YOUR ASSIGNMENT:
All lines below must be repeated exactly, with the pictures omitted.

RECORD EXCERPTS:
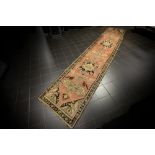 antique Caucasian runner in wool on wool || Antieke Caucasische loper in wol op wol met herhaald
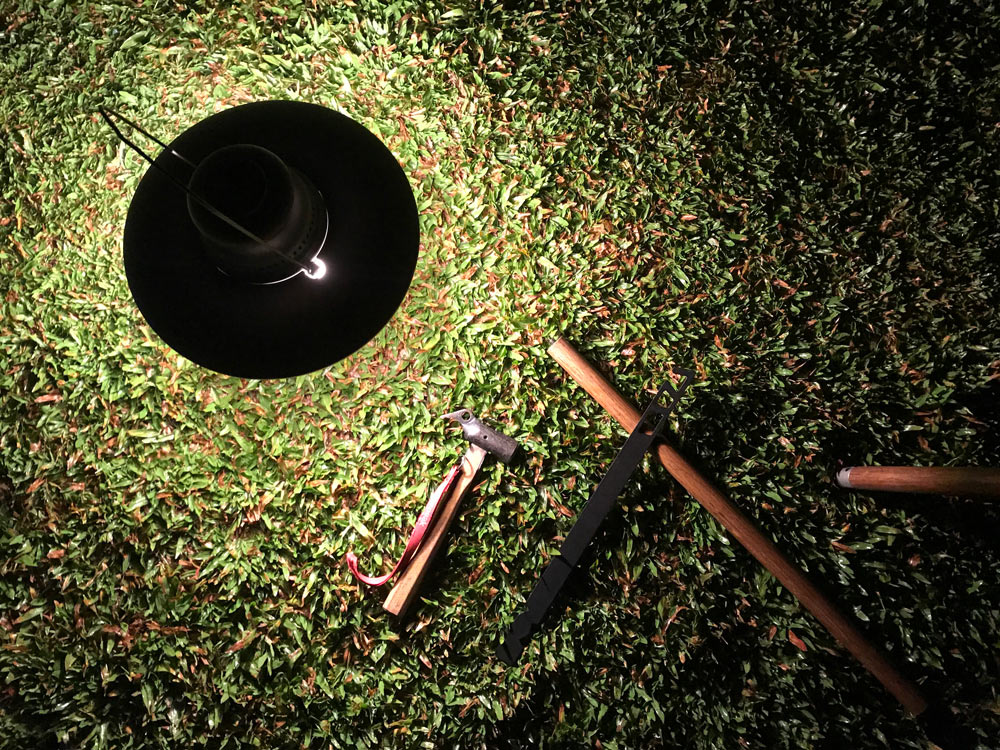 ウッドキャンプランタンスタンド - TiiTENT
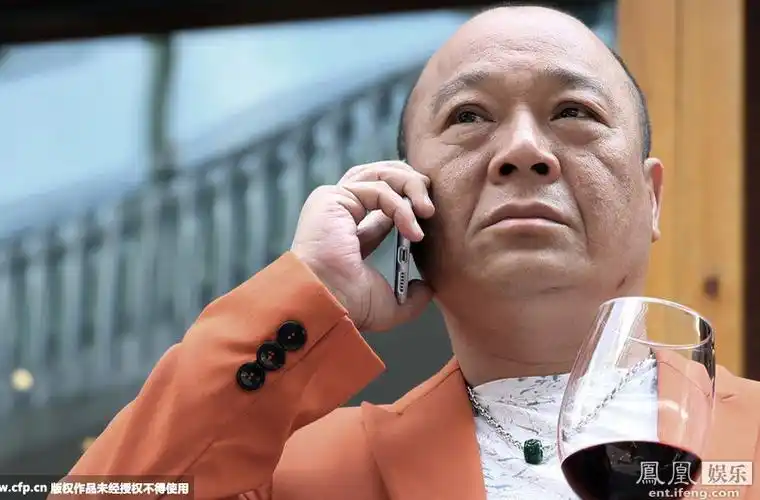 "大b哥"吴志雄现身深圳 化身餐厅老板(图)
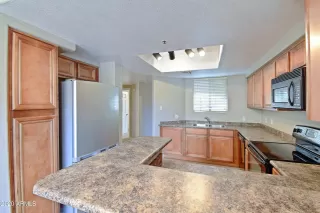 Photo #6: 6174956 Listing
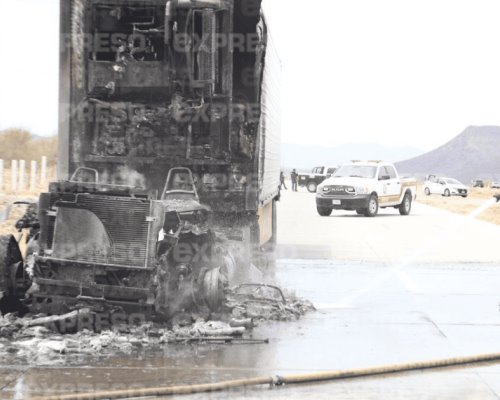 Cabina de trailer se convierte en cenizas en carretera Hermosillo-Guaymas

ANSWER SECTION:
 antique Caucasian runner in wool on wool || Antieke Caucasische loper in wol op wol met herhaald
 ウッドキャンプランタンスタンド - TiiTENT
 "大b哥"吴志雄现身深圳 化身餐厅老板(图)
 Photo #6: 6174956 Listing
 Cabina de trailer se convierte en cenizas en carretera Hermosillo-Guaymas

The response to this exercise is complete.